Unfortunately, too often our discussions regarding the Lord’s Day devolve into what we cannot do, rather than we can do.   The Reformed Church is often subdivided by straining the gnats of Sabbath restriction while swallowing the camel of joyless, loveless, drudgerous Sabbath observance. The prophet Isaiah frames this concern well.

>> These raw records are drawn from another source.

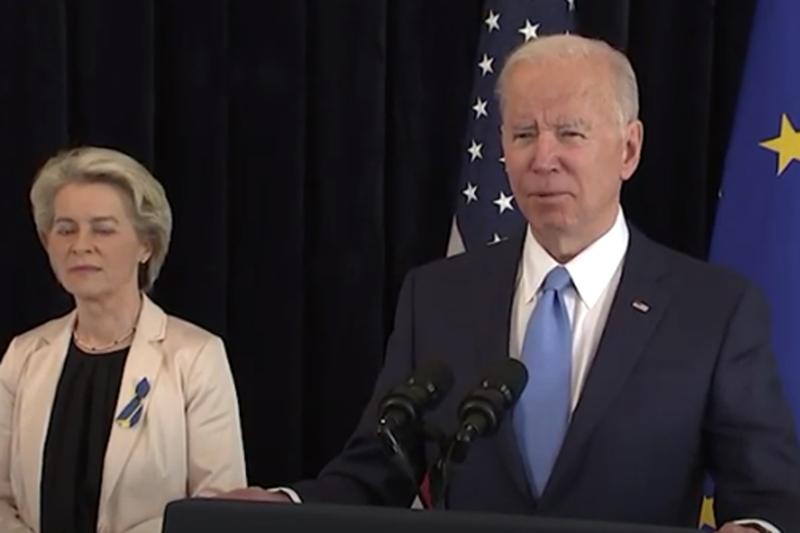 Biden: “Per ridurre dipendenza gas russo in Ue, Usa forniranno ulteriori 15mld di metri cubi di Gnl”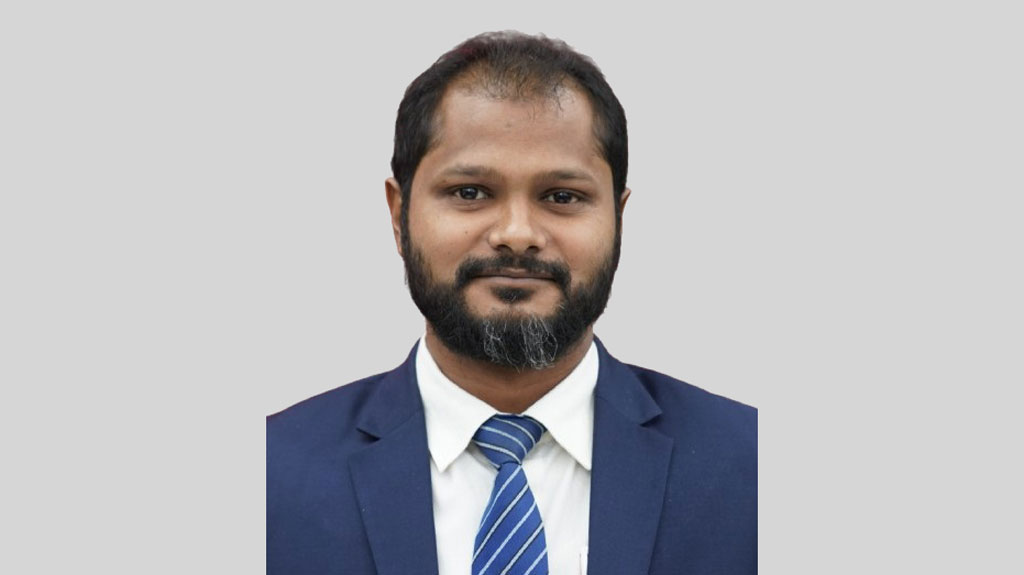 ভূমি মেলায়ই সেবাপ্রার্থীর সঙ্গে ‘দুর্ব্যবহার’ করলেন এসিল্যান্ড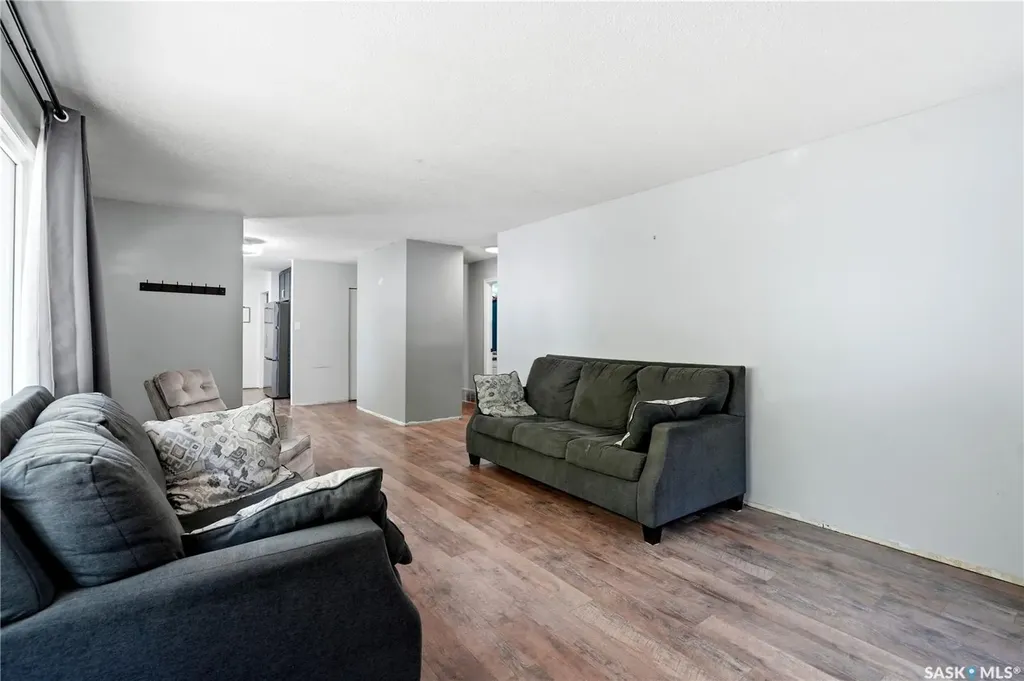 3234 Maxwell Street Saskatoon SK S7L 4K8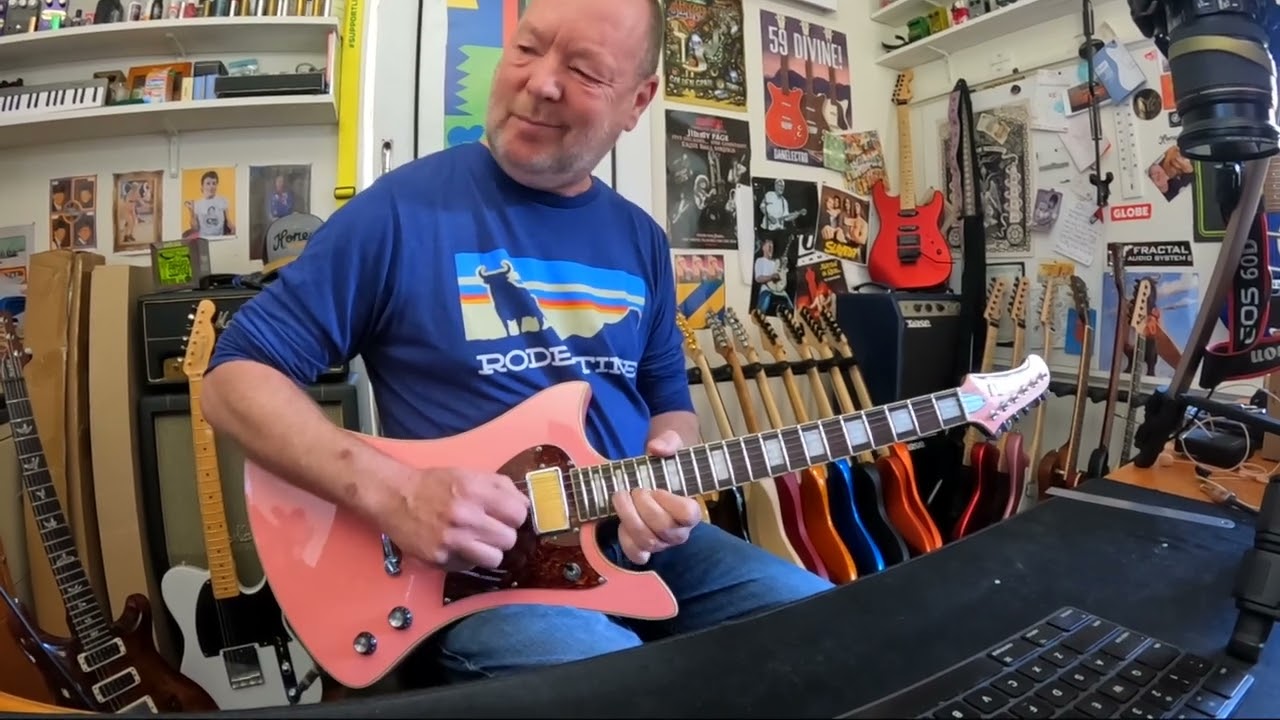 PureSalem Guitars: La Bruja MSP sneaky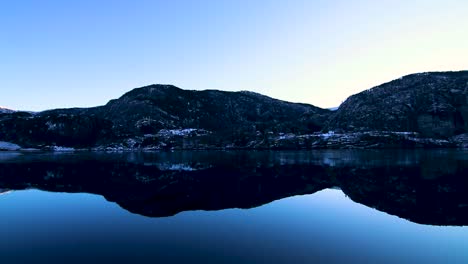 Paseos-En-Bote-Por-Los-Fiordos-Que-Rodean-Bergen,-Noruega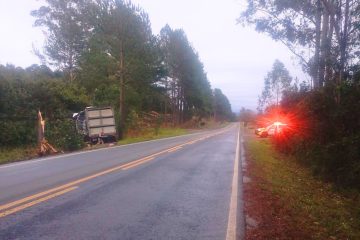 Acidente na PR-340: Caminhão de Piraí do Sul colide com árvore entre Tibagi e Telêmaco Borba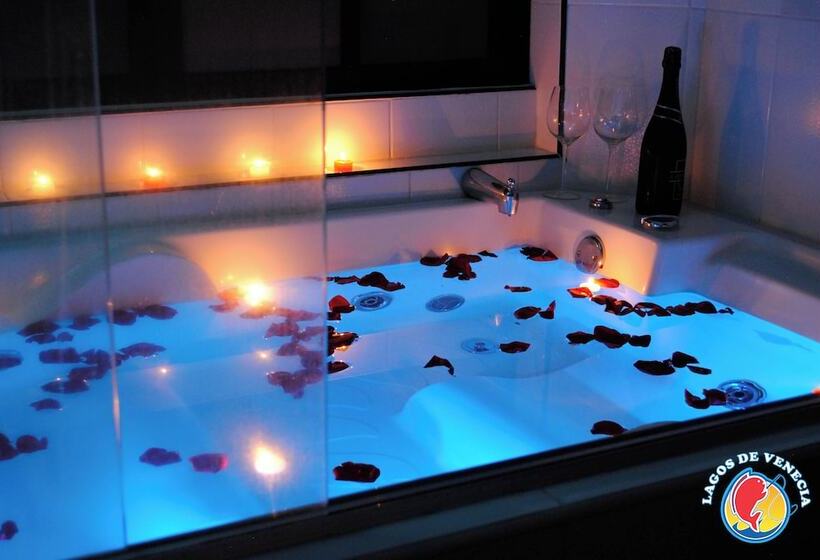 هتل Lagos De Venecia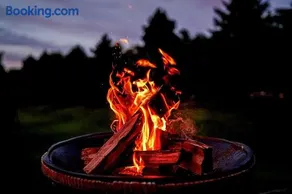 Hinterland Retreat on 30 acres - Sleeps 6 - Image 4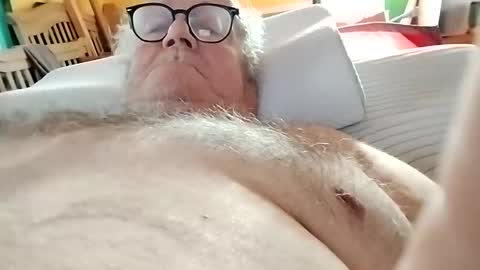 Snapshot of mcwire4 chatting on January 4, 2:46 pm mcwire4 online show from January 4, 2:46 pm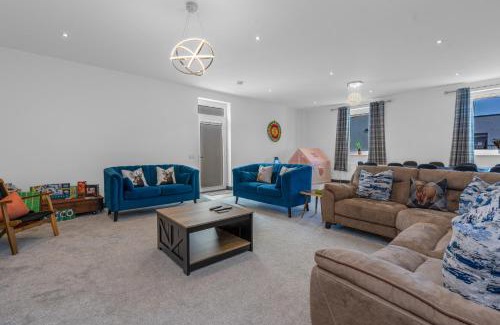 St. Andrews House | Luxe 5 Bedroom Guardbridge House - St Andrews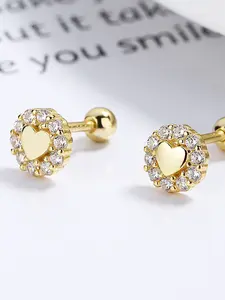 A fashionable and exquisite heart-shaped earring, suitable for daily wear, vacation and dating occasions, and also a surprising and exquisite small gift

“If you turn back your foot from the Sabbath,
from doing your pleasure on my holy day,
and call the Sabbath a delight
and the holy day of the Lord honorable;
if you honor it, not going your own ways,
or seeking your own pleasure, or talking idly;
then you shall take delight in the Lord,
and I will make you ride on the heights of the earth;
I will feed you with the heritage of Jacob your father,
for the mouth of the Lord has spoken.”  Isaiah 58:13-14

Is your attitude toward the Lord’s Day one of dread or delight?   To delight in the Lord’s Day is to take delight in the Lord of the Day.  As we contemplate the right use of the day, we would do well to ask ourselves, “is the Sabbath a delight?”  Or do we grumble our way through it with a confessional precision that amounts to little more than a “trampling of [God’s] courts?”  When we learn to call the Lord’s Day a delight, most questions of “what’s off the table” are quickly crowded out by the joyful feast of worship, fellowship, and rest set on the table before us.  May it be true of us that the Lord’s Day is a Feast Day, never a Fast Day!

1 thought on “Never a Fast Day!”

  1. This perspective on the Lord’s Day is so helpful and so very well written. Thank you, Pastor Wheeler!